Data entries:
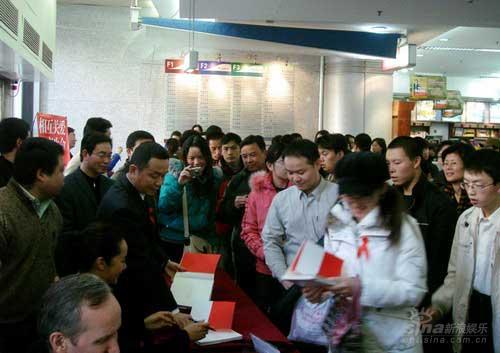 蒋雯丽新书火爆签售收益将资助艾滋儿童(图)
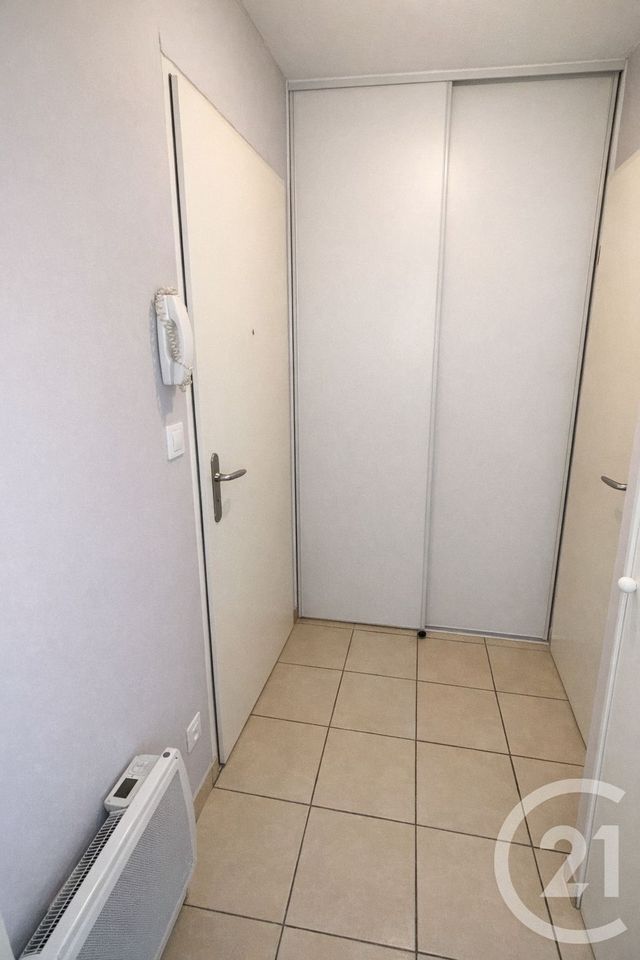 Appartement Studio à louer - 1 pièce - 30.82 m2 - ANNONAY - 07 - RHONE-ALPES - Century 21 Abita Immobilier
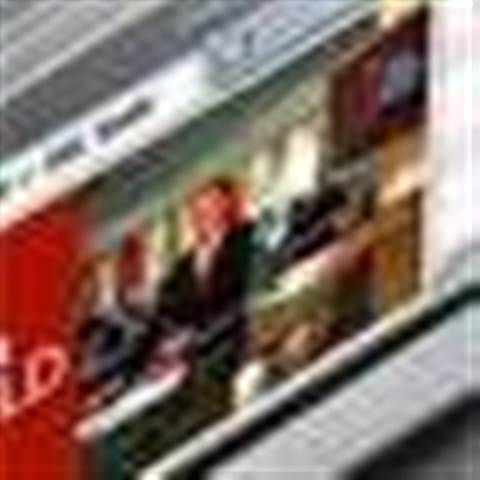 Coonan tells mobile providers "pull socks up"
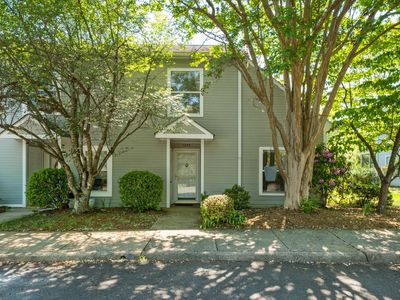 1256 Maple View Dr, Charlottesville, VA, 22902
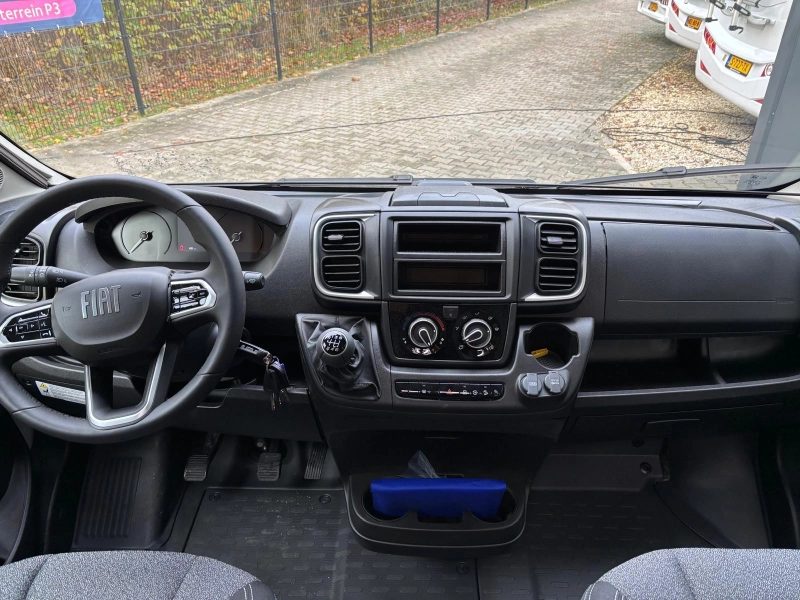 Dethleffs Globetrail 600 DS  foto: 8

EXERCISE INSTRUCTIONS -
Take the line with "Appartement Studio à" as the first line and the last line of the records above as the final one; reproduce exactly the lines between them, both included, without pictures.

WRITTEN RESPONSE -
 Appartement Studio à louer - 1 pièce - 30.82 m2 - ANNONAY - 07 - RHONE-ALPES - Century 21 Abita Immobilier
 Coonan tells mobile providers "pull socks up"
 1256 Maple View Dr, Charlottesville, VA, 22902
 Dethleffs Globetrail 600 DS  foto: 8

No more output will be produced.